Numerous social and economic reforms are being implemented in Saudi Arabia by the kingdom's 32-year-old Crown Prince Mohammed bin Salman, who said in a statement, "This city will become, by God's will, a prominent cultural landmark and an important center for meeting the future generation's recreational, cultural and social needs in the kingdom."
Vision 2030 aims to see annual domestic spending on culture and entertainment increase from the current 2.9 percent of total household expenditure to 6 percent by 2030. And international investors may have a lucrative role to play — U.S.-based theme park operator Six Flags has already been in discussions with the Saudi government since 2017 over plans to build parks in the kingdom.
Bin Salman recently toured the U.S. on a PR blitz and met with Silicon Valley giants and corporate leaders including Facebook's Mark Zuckerberg and Disney CEO Bob Iger, promoting his government's projects to attract foreign investment. The prince has been the recipient of both praise and intense criticism for a range of bold moves including lifting the ban on females driving in Saudi Arabia, as well as a bloody and prolonged bombing campaign over Yemen, the region's poorest country.
Other projects in the kingdom include NEOM, a new city that will serve as an economic and tech hub between Egypt, Saudi and Jordan — an estimated $500 billion investment whose first phase is set for completion in 2025.
Most of the country's major projects are funded in large part by its sovereign wealth fund, though a growing budget deficit and low oil prices give some observers reason to question the projects' viability. Oil-exporting countries have been searching for ways to develop alternative revenue sources since the global slump in oil prices in 2014.

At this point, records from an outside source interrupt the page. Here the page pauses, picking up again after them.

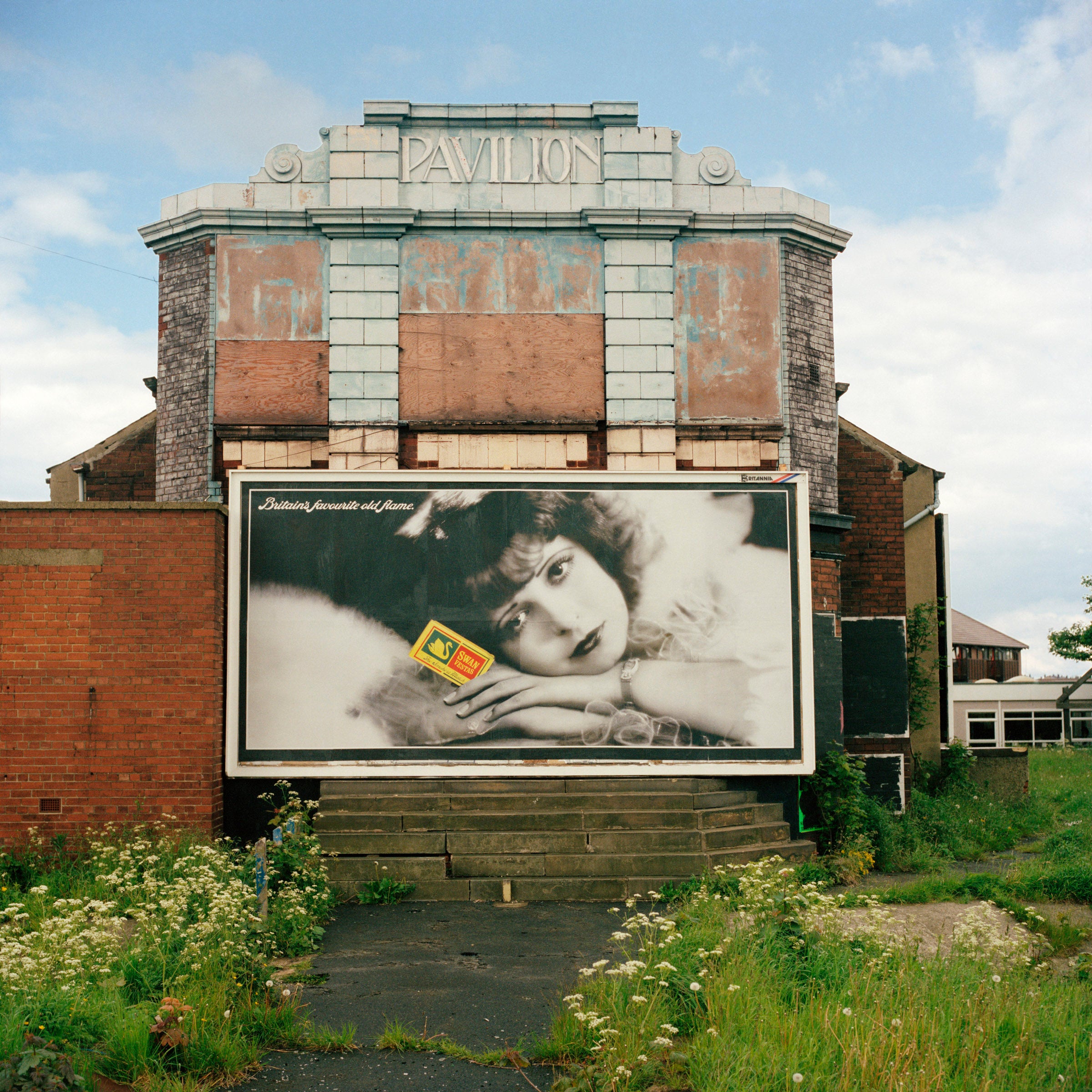 Billboard on the side of the Pavillion Cinema, Stanningly Road, Leeds, 1986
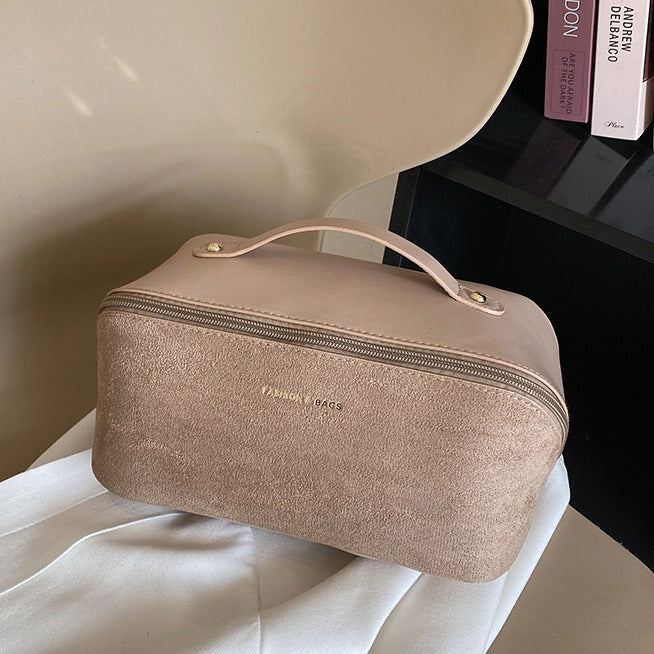 Minority Design Portable Large Capacity Suede Hand Bag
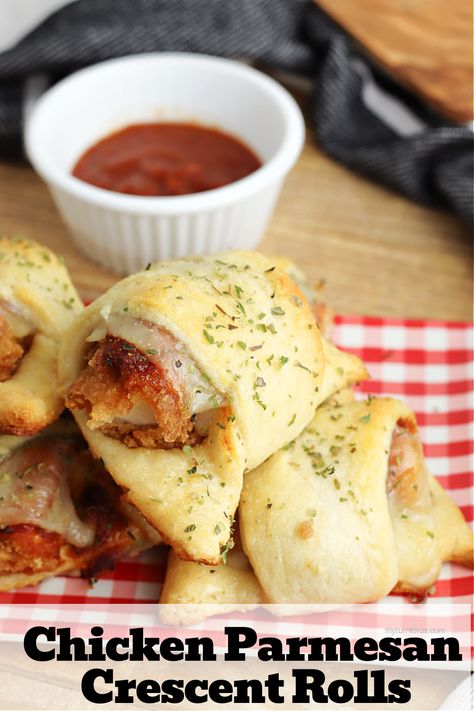 Chicken Parmesan Crescent Rolls are like a mini chicken parm bites. We use chicken strips, pasta sauce, mozzarella on crescent rolls to make these delicious mini chicken parmesan crescent bakes. #ChickenParmesanCrescentRolls #ChickenParmRoll #myturnforus #ChickenParmesanCrescentBake #CrescentRollRecipe Chicken Park Crescent Rolls, Chicken Parm Crescent Rolls, Chicken Parmesan Crescent Rolls, Chicken Parm Roll Ups, Chicken Filled Crescent Rolls, Cresent Roll Chicken, Chicken Parm Bites, Recipes With Crescent Rolls, Big Sandwiches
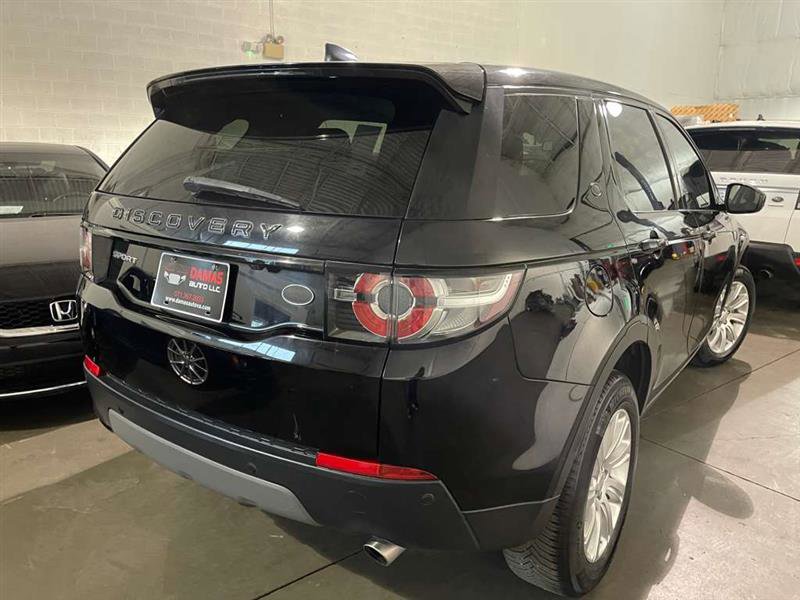 Used 2018 Land Rover Discovery Sport SE image 17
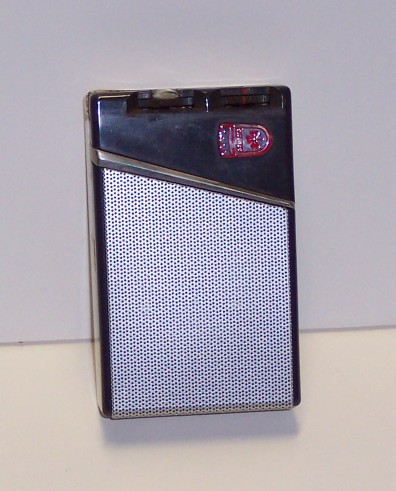 Grundig Mini-Boy Transistor 200 Portable Radio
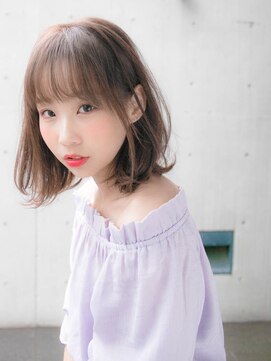 ルティア(Lutia) 似合わせカット クリーミーベージュ 外ハネ☆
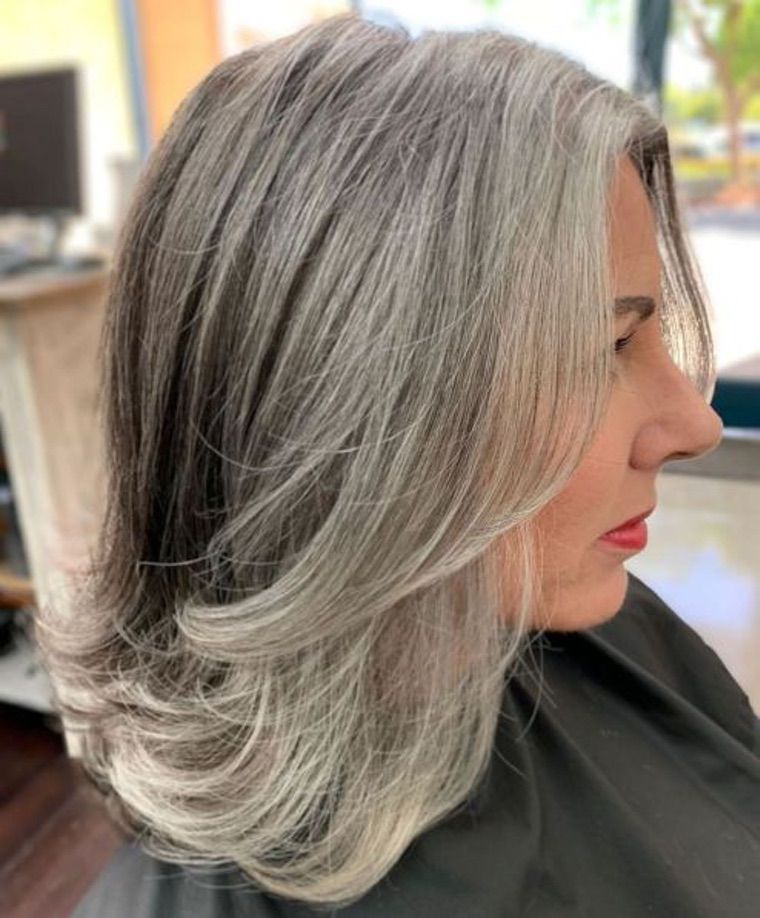 femme coupe cheveux gris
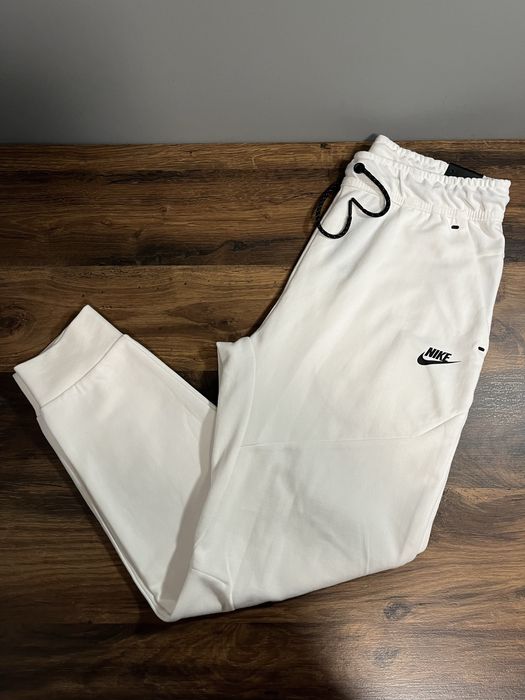 Pantaloni Nike Tech Albi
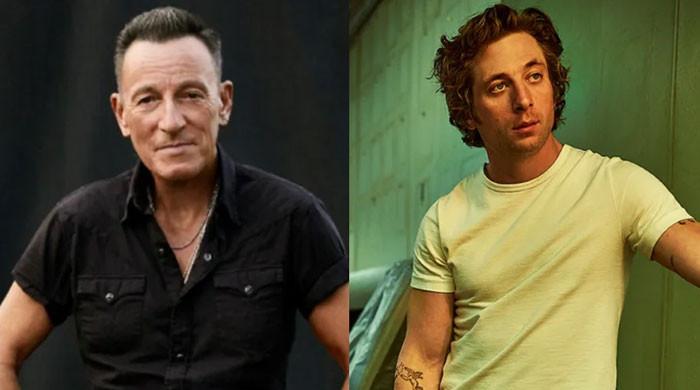 bruce-springsteen-gushes-over-jeremy-allen-white’s-singing-skills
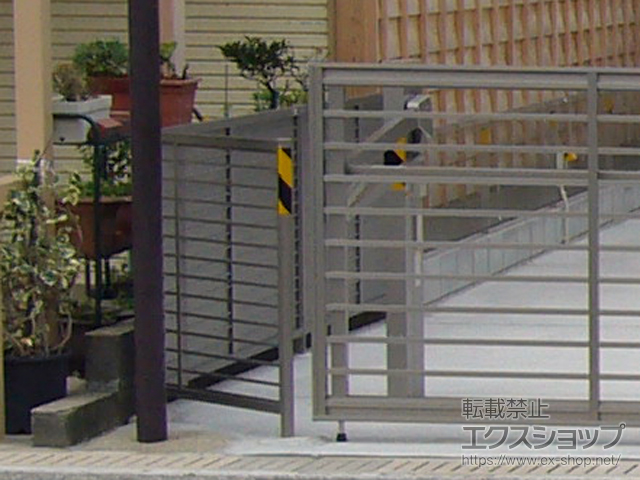 新潟県村上市ののフェンス・柵 プレスタフェンス 1型 細横桟 間仕切りタイプ 施工例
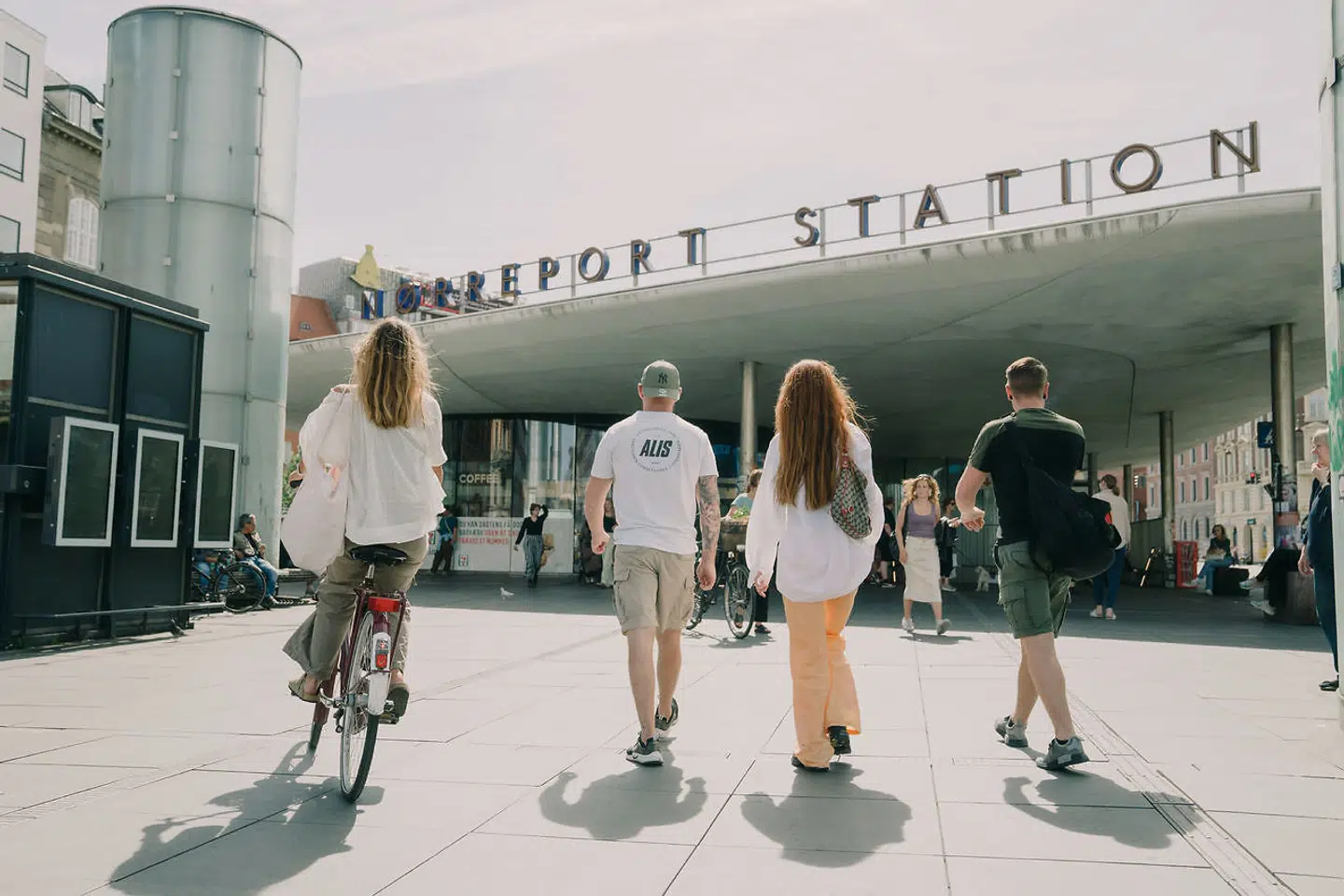 En ny foranalyse for Nørreport Station bemærker, at »enhver kan konstatere ved selvsyn, at stationspladsen fremstår skadet, slidt, beskidt og uplejet.«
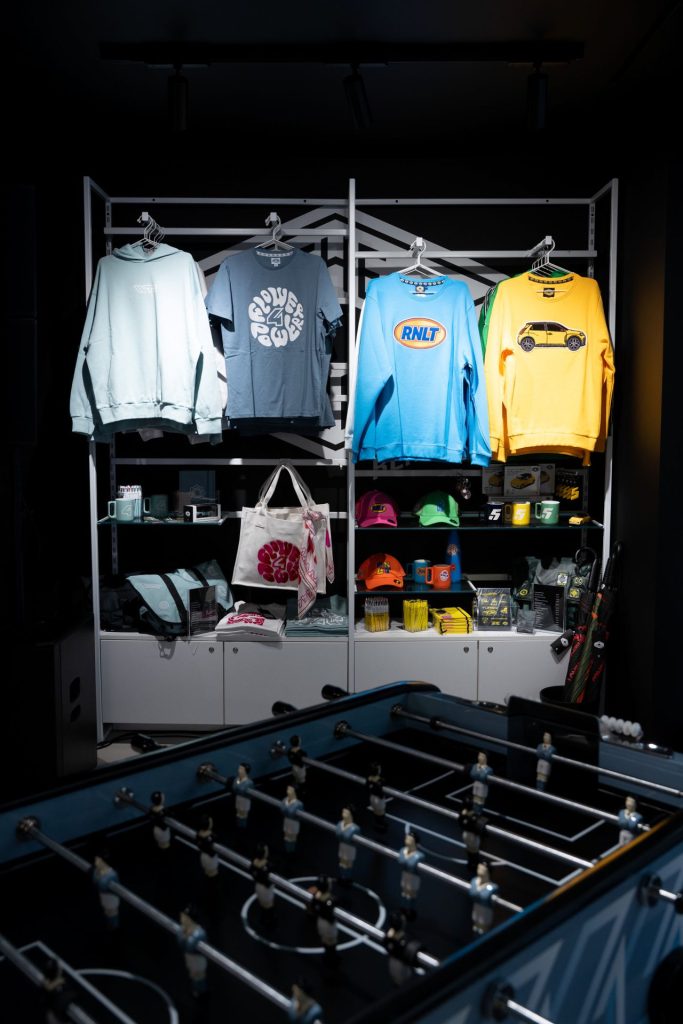 Renault experience store rnlt 2026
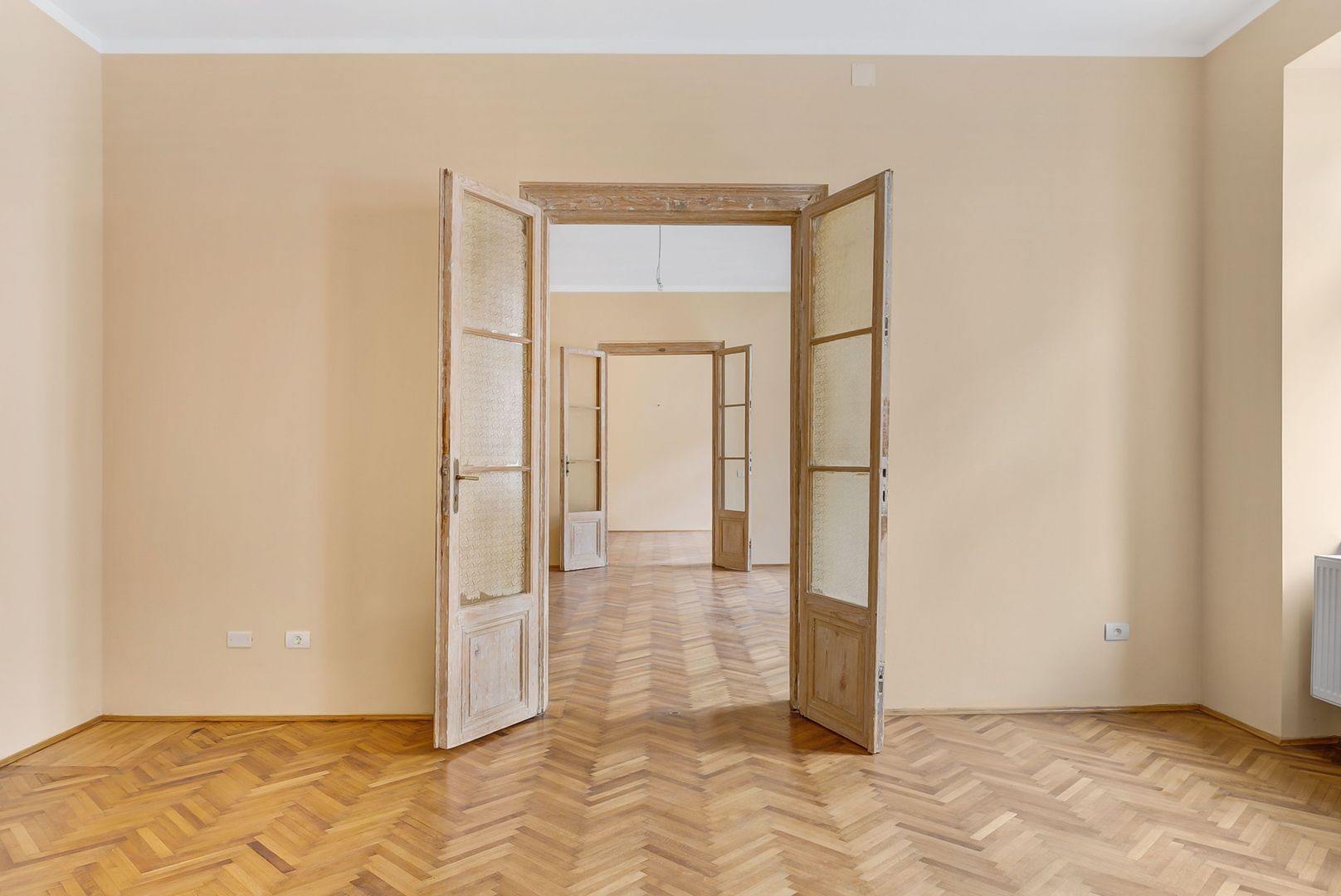 Apartament  istoric ultracentral   - REZERVAT!!! - Poză 2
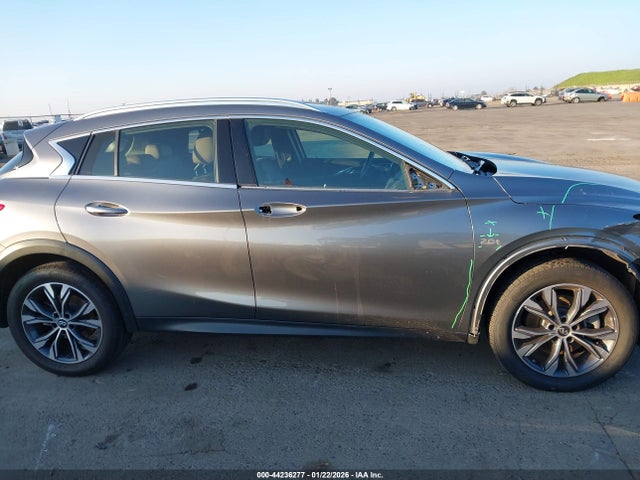 SJKCH5CR1JA048550 Infiniti Qx30 Premium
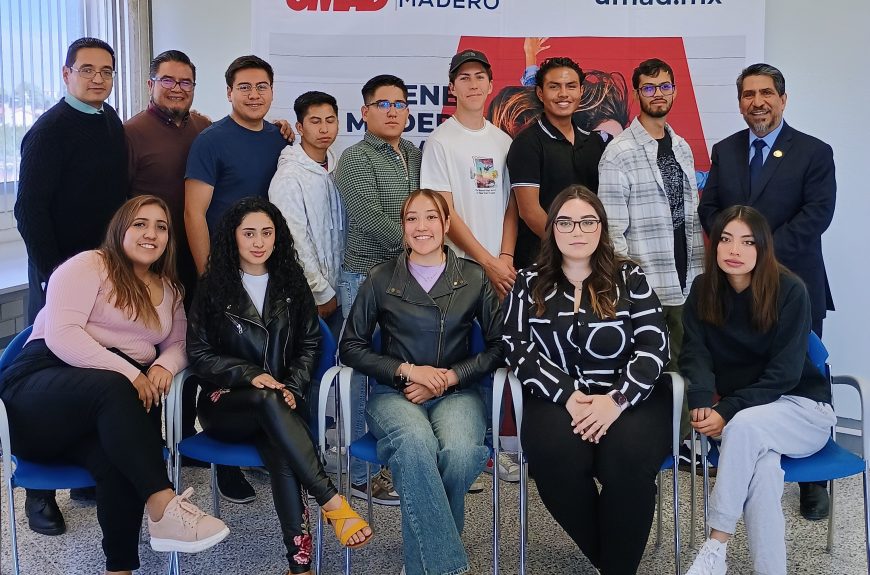 Rector Se Re Ne Con Estudiantes De Comercio Exterior Umad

Just last week, Saudi Arabia opened its first movie theater in 35 years, in a move both economic and symbolic. It's hoped to boost domestic spending on entertainment and leisure, while also signifying a move toward greater social liberalization in a country heavily controlled by religious laws. Still, strict Islamic rules on gender segregation, dress and behavior will likely test the limits of these new reform efforts.